STOCK TITAN

IONIS insider exercises 10,200 options, sells shares under 10b5‑1

Filing Impact
(High)
Filing Sentiment
(Negative)
Form Type
4

Rhea-AI Filing Summary

Insider transactions by Patrick R. O'Neil, EVP, CLO & General Counsel at Ionis Pharmaceuticals (IONS). On 10/06/2025 the reporting person exercised 10,200 non‑qualified stock options with an exercise price of $52.87 and immediately sold those shares under a Rule 10b5‑1 plan. The Form 4 reports two separate block sales that day: 10,200 shares sold at a weighted average price of $69.8872 and 3,241 shares sold at a weighted average price of $69.2651, reflecting multiple executions within disclosed price ranges.

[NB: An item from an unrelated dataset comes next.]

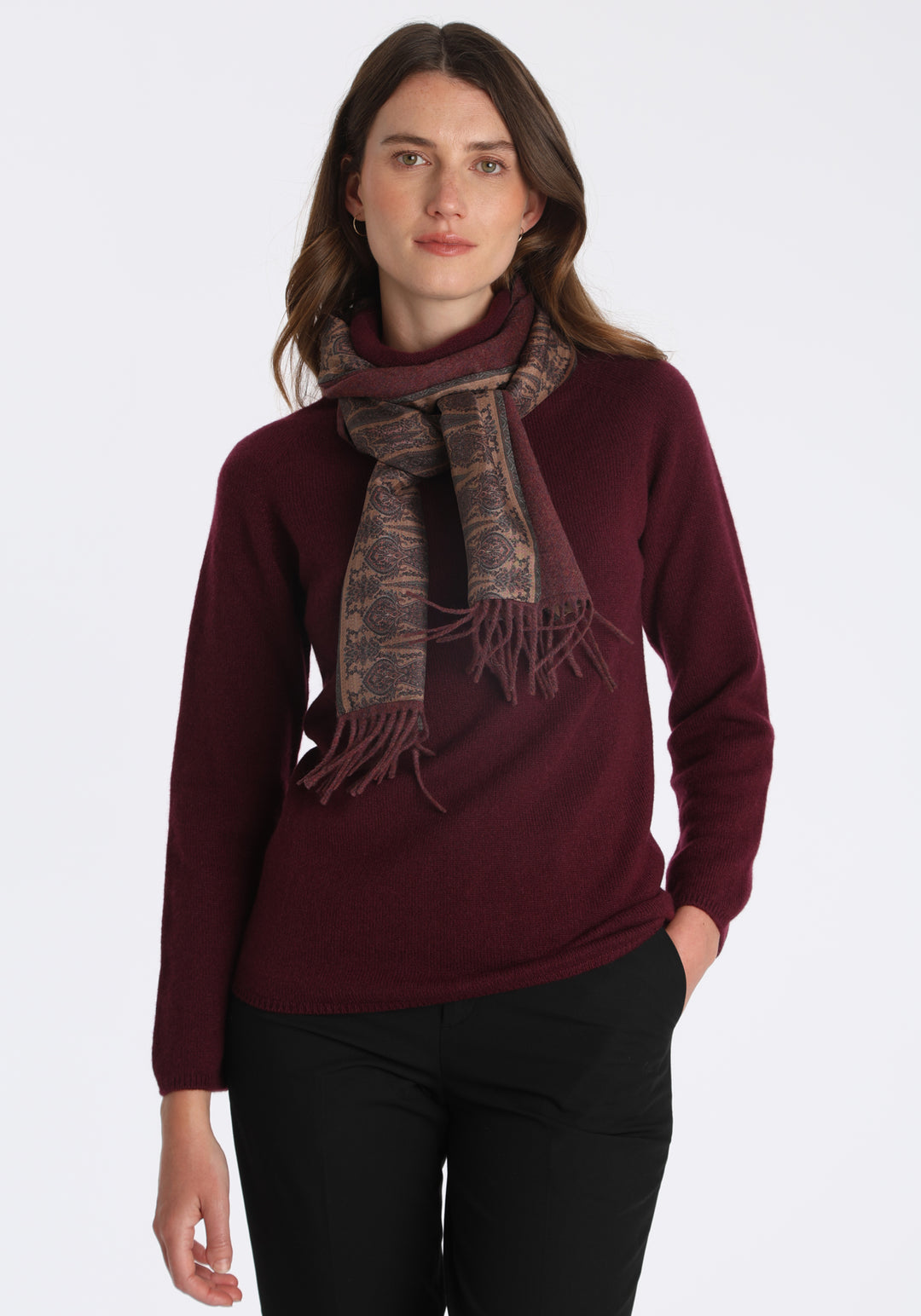 Model wearing the shiraz marl cashmere scarf backed with antique camel paisley printed silk, over a cashmere jumper in shiraz.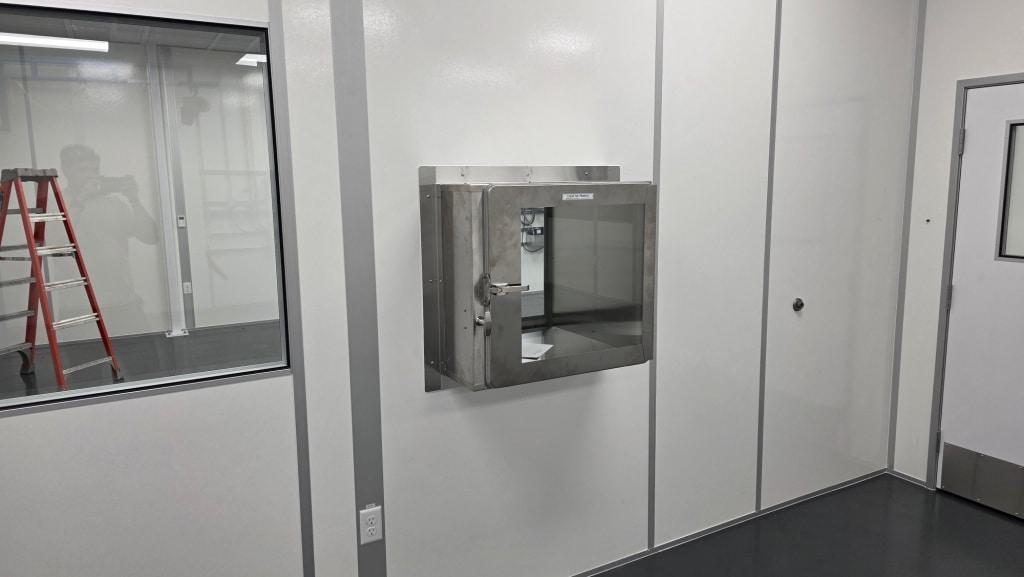Interior of buffer room with pass-through chamber by Allied Cleanrooms.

Following these transactions the reporting person’s beneficial ownership of common stock declined from 67,330 shares to 53,889, and the number of options/derivative securities held after the activity is reported as 17,000 exercisable into common stock. The sales were made pursuant to a 10b5‑1 trading plan adopted on 05/02/2025, and the filer offers to provide transaction‑level price details on request.

Positive

  • Sales executed under a Rule 10b5‑1 plan, indicating prearranged compliance with insider trading rules
  • Options exercised and sold at prices above the exercise price (exercise $52.87 vs sales near $69.9), indicating realized option value

Negative

  • Reported direct common stock ownership declined from 67,330 to 53,889 shares after the transactions
  • Substantial share sales the same day as option exercise reduced insider ownership concentration, which may decrease insider stake alignment

Insights

TL;DR: Insider exercised options at $52.87 and sold shares under a 10b5‑1 plan, reducing holdings to 53,889 shares.

Exercising 10,200 options at an exercise price of $52.87 then selling those shares at weighted average prices near $69.9 indicates the reporting person monetized stock‑option value while complying with a prearranged trading plan. The Form 4 discloses two weighted‑average sale prices and notes the 10b5‑1 plan adoption date of 05/02/2025.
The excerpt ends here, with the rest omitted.